12 Temmuz 2015

Rezidansta Pazar Kahvaltısı Keyfi

Pazar günleri keyif zamanlarıdır. Dinlenme, kendine gelme için küçük molalardır. Şehrin koşuşturmacısı içinde nefes alınan anlardır.

Yol olmadığı için gidilemeyen ve daima bizim olan yaylalarımızın havası burnumuzda tüterken, imdadımıza günümüzün standart hale gelen yerleşimleri Rezidanslar yetişiyor.
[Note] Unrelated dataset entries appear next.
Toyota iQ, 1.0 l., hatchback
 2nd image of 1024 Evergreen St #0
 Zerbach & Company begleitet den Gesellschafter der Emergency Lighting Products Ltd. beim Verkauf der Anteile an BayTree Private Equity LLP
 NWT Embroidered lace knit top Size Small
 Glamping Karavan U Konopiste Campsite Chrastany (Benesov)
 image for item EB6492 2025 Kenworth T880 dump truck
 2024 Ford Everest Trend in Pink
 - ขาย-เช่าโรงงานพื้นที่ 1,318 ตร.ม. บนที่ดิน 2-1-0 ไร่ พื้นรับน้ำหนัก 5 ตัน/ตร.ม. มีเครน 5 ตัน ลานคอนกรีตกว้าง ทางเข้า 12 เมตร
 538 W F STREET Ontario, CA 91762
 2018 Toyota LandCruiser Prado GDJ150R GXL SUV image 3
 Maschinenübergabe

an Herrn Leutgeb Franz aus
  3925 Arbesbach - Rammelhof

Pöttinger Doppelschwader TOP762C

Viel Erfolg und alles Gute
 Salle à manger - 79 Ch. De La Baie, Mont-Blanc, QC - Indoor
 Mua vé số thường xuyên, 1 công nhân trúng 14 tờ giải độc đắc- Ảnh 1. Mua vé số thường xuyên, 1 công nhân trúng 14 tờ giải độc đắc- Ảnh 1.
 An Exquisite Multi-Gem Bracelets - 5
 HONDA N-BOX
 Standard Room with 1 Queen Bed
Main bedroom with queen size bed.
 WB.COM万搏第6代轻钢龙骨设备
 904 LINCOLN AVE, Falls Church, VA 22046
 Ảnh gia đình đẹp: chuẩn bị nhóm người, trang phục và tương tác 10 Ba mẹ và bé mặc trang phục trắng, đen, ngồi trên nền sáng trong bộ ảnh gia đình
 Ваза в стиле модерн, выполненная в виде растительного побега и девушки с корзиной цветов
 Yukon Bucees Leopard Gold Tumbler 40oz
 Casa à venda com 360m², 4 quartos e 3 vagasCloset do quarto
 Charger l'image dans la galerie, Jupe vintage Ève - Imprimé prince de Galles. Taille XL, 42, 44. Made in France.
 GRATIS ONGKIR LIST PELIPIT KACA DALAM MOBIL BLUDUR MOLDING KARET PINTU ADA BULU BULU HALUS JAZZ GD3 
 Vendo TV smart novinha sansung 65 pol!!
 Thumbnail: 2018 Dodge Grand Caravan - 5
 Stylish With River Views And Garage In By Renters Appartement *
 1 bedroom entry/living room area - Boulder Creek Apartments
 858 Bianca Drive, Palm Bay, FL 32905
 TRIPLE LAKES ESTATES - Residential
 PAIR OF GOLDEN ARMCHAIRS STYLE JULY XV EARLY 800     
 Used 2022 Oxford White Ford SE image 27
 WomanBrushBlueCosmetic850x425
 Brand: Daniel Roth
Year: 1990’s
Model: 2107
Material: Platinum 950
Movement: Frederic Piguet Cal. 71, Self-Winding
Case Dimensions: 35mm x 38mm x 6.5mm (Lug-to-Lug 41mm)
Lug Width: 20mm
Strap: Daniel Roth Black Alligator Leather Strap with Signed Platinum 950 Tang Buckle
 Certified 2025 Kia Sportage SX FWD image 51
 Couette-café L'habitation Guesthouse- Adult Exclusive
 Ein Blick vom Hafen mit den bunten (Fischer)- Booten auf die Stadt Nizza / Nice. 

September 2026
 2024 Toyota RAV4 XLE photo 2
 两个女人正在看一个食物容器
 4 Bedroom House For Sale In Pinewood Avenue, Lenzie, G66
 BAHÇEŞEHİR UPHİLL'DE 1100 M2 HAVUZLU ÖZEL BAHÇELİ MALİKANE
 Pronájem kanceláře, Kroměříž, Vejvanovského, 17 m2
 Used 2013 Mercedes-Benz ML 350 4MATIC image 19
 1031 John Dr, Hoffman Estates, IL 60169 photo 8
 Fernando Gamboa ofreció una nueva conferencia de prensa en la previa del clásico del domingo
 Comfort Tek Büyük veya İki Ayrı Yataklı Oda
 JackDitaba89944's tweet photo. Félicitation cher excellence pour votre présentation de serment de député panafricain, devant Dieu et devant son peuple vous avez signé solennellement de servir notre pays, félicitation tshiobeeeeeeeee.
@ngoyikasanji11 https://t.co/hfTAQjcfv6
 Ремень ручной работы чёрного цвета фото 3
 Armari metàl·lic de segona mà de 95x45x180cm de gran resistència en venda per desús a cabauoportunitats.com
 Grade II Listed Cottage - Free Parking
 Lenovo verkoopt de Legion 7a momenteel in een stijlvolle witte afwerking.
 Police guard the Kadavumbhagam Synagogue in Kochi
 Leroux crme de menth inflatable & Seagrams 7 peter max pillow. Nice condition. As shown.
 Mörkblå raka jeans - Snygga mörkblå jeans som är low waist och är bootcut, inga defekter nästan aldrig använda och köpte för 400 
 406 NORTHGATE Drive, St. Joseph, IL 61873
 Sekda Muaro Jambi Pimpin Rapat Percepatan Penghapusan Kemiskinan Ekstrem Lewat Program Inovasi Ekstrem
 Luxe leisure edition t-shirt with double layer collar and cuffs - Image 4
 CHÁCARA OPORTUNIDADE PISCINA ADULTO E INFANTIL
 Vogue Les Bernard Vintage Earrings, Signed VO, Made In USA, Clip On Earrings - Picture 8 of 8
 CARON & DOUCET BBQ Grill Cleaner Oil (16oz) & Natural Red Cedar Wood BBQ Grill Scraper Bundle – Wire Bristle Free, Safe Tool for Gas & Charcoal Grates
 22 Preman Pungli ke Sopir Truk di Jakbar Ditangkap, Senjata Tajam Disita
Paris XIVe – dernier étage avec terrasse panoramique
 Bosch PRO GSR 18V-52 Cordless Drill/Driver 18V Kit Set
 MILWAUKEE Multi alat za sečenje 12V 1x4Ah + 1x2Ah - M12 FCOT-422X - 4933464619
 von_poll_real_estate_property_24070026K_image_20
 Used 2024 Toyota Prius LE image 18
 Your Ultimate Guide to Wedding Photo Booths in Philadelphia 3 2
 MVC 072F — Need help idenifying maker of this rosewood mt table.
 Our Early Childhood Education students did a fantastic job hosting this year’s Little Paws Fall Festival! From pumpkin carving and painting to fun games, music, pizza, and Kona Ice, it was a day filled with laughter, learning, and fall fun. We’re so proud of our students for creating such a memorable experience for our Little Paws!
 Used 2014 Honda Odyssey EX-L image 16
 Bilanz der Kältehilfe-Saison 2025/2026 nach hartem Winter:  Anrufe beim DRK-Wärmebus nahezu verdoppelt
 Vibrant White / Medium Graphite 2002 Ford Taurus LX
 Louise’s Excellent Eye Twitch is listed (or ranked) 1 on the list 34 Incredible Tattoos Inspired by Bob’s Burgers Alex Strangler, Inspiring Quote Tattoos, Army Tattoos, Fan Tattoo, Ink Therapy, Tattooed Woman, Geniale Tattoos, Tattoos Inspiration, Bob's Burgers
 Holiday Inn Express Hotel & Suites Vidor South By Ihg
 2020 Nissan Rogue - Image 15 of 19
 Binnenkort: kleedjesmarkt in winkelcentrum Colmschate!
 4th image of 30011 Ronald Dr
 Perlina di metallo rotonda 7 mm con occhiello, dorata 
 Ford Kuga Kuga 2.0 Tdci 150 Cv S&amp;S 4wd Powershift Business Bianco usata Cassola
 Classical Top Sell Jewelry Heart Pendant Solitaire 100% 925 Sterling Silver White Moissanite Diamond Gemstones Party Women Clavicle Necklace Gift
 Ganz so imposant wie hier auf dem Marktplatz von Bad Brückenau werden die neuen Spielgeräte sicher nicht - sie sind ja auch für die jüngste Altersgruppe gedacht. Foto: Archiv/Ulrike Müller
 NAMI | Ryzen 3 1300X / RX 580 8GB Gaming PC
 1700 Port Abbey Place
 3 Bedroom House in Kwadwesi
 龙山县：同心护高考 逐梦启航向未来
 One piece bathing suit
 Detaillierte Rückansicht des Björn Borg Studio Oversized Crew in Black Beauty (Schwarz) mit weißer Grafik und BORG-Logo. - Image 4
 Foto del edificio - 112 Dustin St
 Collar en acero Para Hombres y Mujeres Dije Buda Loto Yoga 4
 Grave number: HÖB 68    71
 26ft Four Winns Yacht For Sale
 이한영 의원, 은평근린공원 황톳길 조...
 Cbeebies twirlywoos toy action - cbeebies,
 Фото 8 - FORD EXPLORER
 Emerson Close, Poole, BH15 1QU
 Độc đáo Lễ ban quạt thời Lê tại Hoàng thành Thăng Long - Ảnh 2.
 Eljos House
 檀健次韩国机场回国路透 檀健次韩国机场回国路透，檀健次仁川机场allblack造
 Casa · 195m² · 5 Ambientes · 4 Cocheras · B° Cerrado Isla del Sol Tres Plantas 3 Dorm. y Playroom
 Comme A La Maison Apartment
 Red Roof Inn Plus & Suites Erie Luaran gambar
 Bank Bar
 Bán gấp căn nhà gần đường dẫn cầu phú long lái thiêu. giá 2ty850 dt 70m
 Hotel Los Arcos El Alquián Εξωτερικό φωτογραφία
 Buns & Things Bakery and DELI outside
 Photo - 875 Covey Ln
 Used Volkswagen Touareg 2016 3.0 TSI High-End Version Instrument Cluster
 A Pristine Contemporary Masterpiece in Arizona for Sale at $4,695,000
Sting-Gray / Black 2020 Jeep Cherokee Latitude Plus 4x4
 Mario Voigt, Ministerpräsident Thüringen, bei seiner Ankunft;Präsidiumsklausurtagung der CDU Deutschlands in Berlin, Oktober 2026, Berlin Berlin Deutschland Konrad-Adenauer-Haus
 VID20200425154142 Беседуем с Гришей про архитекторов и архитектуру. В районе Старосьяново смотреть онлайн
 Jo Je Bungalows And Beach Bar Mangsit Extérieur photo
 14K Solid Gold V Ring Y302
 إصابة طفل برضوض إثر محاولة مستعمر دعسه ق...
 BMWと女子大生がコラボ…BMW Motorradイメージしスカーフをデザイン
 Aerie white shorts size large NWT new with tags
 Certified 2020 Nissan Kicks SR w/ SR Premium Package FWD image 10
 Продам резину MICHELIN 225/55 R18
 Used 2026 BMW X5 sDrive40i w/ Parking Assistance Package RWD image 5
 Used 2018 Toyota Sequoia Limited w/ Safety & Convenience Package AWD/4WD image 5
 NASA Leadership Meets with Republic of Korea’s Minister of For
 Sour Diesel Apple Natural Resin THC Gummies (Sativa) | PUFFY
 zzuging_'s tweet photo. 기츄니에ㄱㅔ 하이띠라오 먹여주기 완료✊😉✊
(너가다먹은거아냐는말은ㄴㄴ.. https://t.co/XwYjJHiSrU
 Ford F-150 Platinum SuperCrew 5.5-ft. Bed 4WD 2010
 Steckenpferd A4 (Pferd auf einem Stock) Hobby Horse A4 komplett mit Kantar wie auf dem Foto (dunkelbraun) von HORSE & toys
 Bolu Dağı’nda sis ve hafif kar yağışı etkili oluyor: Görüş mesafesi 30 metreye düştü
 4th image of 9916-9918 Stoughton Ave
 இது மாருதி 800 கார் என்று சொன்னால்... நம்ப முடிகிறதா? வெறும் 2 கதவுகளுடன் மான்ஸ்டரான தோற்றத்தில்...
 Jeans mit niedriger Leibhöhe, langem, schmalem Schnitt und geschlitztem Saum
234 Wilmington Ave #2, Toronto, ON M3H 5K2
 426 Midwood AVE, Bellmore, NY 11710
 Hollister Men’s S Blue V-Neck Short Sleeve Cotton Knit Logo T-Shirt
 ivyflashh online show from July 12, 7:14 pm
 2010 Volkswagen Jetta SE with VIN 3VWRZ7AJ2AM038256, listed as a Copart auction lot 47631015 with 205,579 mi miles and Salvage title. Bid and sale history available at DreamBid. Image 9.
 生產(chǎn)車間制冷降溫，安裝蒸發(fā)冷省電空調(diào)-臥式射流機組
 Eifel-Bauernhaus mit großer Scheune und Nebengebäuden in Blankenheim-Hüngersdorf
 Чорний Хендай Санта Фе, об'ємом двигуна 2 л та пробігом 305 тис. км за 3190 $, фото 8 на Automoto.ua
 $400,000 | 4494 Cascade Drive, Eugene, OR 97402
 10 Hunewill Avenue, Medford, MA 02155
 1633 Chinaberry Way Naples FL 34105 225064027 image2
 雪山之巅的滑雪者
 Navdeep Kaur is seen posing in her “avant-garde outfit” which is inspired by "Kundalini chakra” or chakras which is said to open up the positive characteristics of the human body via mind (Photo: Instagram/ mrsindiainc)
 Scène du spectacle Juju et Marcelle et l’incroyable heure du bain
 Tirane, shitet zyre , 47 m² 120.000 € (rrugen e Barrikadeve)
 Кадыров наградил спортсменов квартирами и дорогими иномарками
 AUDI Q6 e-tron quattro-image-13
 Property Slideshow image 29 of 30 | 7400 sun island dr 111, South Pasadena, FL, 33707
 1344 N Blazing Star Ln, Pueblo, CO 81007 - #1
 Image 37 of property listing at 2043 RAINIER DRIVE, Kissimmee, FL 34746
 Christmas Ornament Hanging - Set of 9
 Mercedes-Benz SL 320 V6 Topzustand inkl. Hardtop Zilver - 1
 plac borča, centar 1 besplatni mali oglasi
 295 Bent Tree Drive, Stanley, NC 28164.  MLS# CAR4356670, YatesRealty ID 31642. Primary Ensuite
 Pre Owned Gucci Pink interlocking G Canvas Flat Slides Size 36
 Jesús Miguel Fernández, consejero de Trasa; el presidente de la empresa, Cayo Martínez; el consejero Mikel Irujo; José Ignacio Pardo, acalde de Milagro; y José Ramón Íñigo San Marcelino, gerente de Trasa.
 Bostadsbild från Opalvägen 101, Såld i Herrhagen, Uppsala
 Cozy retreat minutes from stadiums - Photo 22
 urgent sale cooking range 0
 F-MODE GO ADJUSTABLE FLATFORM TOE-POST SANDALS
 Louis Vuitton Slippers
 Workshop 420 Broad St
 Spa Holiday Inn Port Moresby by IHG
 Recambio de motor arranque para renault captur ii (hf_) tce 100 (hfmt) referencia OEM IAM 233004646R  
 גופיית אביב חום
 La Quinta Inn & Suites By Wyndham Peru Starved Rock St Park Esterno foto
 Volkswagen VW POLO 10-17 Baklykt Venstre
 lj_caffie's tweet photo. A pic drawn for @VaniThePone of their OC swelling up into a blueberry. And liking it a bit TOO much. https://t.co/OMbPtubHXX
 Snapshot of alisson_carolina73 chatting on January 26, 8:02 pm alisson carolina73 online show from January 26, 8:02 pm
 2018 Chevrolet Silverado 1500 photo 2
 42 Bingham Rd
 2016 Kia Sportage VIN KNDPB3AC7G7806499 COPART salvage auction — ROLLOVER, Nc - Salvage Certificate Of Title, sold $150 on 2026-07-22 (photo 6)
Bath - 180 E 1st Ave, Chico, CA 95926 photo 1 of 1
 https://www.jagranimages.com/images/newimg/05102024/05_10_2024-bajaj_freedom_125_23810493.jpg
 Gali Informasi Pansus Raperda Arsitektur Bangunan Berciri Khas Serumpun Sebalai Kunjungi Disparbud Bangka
Normal bir vatandaşın çalışıp, alın teri ile harmanlayarak kazandığı helal paralar ile üç beş tane alabileceği, hatta üç beş tanede yakın akrabaya hediye edebileceği bu modern yapılar bir vaha misali nefes aldırıyor şehirli insana.

Yüksekliği artıkça manzarası ve solunan havanın kalitesi artan bu yapılarda yapılan pazar kahvaltılarının yerini hiç bir şey tutmuyor. Yüksekliğin vermiş olduğu dokunulmazlık duygusu ile gökyüzünün uçsuz bucaksızlığı bizlere özgürlük ve ferahlık duygusu katarken, bir fincan kahvenin eşliğinde okunan doğru seçilmiş gazetelerin keyfi hiç bir şeyde yok.

Burada dikkat etmemiz gereken bir iki püf noktası var. Bunlardan birincisi kahvenin aroması. Taze ve kaliteli kahvenin aroması insana küçük keyif adacıkları oluşturur. İkincisi Telefonlardan uzak durmak. Ne olu ne olmaz bir skandal patlar, bir kötü haber düşer ajanslara, bu keyfi bozmamak lazım. Diğer bir temel konu ise gazetelerin doğru seçilmesidir. Seçtiğimiz gazete bizim yaşam standardımıza ve tercihlerimize uygun olmalıdır. Alim Allah bir ters haber tüm günü heba eder. Düşünsenize koltuğunuza yayılmış, harika kahvenizi yudumlarken manşetlerde Rezidanslar Rezidanslar diye kelimeler uçuşsa havada! Nasıl da kararır bir anda masmavi gökyüzü rezidansımın terasında. Bunu engellemek için yayın ilkeleri düzgün olan ve medeni, demokrat ve ilerici insana uygun yayınlar seçmeliyiz.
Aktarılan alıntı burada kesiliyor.